Production-Grade Kubernetes on a Single Server: The Complete Guide
Why do this
One server. The full production stack. No excuses.
The idea is simple: build a Kubernetes cluster running the same stack you’d use on AKS or EKS — service mesh, automatic TLS, observability, layered security — but on your own hardware. This isn’t minikube. This isn’t a test lab. It’s an environment serving real workloads to real users.
Why a single node? Because for personal projects, side projects, and serious experimentation, a 15-30€/month server gives you more than enough. And the experience of operating this stack transfers directly to multi-node clusters in the cloud.
The end result: a cluster where deploying a new app means creating a namespace, labeling it for the service mesh, creating an HTTPRoute, and running kubectl apply. Automatic TLS, automatic DNS, metrics, logs, and security — it’s all already there.
The server and prerequisites
What you need:
- Server with Ubuntu 22.04+ — minimum 4 vCPUs and 8GB RAM. With the full stack running, base consumption is around 4-5GB RAM. If you’re running workloads on top, 16GB is more comfortable.

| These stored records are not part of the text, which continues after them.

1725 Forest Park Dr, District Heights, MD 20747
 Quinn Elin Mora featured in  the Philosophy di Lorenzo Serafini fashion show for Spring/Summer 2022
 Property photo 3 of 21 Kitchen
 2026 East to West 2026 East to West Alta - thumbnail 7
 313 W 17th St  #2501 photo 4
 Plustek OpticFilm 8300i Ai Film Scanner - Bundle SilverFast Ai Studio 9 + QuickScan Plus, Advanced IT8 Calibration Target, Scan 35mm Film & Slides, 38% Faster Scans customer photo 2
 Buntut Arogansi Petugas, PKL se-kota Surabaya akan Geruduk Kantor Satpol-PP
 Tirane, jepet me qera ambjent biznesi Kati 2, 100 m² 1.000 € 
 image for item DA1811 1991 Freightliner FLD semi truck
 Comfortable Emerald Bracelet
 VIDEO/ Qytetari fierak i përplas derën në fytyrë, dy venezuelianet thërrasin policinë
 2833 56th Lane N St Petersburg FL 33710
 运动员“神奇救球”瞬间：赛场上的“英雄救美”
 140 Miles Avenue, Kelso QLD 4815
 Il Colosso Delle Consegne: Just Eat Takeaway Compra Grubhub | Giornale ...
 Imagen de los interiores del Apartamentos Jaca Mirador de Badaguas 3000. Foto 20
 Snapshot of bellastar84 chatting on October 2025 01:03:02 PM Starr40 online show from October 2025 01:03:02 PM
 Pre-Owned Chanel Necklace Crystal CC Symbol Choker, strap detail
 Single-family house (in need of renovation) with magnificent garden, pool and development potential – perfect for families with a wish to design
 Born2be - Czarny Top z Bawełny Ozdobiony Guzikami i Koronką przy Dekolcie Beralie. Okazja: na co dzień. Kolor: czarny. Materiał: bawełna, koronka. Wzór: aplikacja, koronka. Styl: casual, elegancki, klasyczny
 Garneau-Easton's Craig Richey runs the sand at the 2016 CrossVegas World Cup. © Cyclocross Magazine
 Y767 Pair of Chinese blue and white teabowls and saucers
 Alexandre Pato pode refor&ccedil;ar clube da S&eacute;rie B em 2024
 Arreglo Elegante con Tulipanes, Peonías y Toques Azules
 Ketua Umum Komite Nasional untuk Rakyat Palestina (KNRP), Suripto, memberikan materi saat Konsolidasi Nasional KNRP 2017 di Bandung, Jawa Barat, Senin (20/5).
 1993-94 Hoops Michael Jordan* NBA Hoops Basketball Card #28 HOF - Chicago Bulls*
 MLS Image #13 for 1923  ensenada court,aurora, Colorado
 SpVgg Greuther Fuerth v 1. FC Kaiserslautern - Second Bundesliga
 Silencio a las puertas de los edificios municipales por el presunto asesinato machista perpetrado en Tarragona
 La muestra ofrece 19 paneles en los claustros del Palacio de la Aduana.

- cgroup v2 — Ubuntu 22.04+ has it enabled by default. Verify with
stat -fc %T /sys/fs/cgroup(should returncgroup2fs). - Domains on Cloudflare — needed for DNS-01 challenge (wildcard certs) and External DNS (automatic A record creation).
- Cloudflare API Token with
Zone:DNS:Edit+Zone:Zone:Readpermissions for all zones you’ll use. - Tailscale installed — for secure API Server access.
The Kubernetes API Server (port 6443) must never be exposed to the internet. We use Tailscale as a VPN for external access, and nftables to filter by network interface. If someone reaches your 6443, they have the keys to the kingdom.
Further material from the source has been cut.